Tanah Amblas di Baubau, Masyarakat jadi Khawatir

KBRN, Baubau: Peristiwa tanah amblas di Kelurahan Katobengke Kecamatan Betoambari Kota Baubau yang terjadi pada Kamis dini hari 14 Januari 2021, masih menyisahkan kekhawatiran masyarakat dan pemerintah setempat. 

"Sebab dalam peristiwa itu, tim kami menemukan tanah mengalami pergeseran dan kondisinya labil. Belum diketahui pasti berapa luasan tanah di wilayah itu yang masih bisa berpotensi amblas, sementara banyak rumah warga diarea itu," ungkap Kepala Dinas Pekerjaan Umum dan Penataan Ruang (PUPR) Kota Baubau, Andi Hamzah dalam keterangannya, Kamis (21/1/2021). 

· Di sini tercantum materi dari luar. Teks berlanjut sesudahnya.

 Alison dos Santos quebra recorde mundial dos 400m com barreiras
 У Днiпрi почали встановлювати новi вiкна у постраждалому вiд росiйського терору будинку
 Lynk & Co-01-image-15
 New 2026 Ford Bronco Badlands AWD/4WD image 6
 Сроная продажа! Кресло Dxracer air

Karena itu, pihaknya saat ini sedang menguji kondisi bawah permukaan tanah area tersebut menggunakan alat geolistrik. Pengujian secara teknis ini sekaligus untuk memetakan luasan kondisi tanah yang dinilai rawan. 

"Karena ada asumsi bahwa kemungkinannya area itu banyak rongga-rongga di bawah tanah yang membuat terjadinya longsor. Dan yang kita takutkan ini karena kemungkinannya jangan sampai berdampak luas. Tapi kita harapkan semoga tidak," tuturnya.

Andi mengatakan, nantinya hasil dari pengujian tim ahli akan diumumkan kepada masyarakat sebagai rekomendasi apakah di area itu masih layak ditempati warga atau tidak. 

Saat ini kata dia, akses jalan diarea tersebut masih ditutup sementara untuk kendaraan roda empat dan hanya roda dua yang dibolehkan lewat. Sedangkan 10 kepala keluarga yang terdampak bencana tanah amblas saat ini masih bertahan di rumah keluarga dengan total sebanyak 42 jiwa.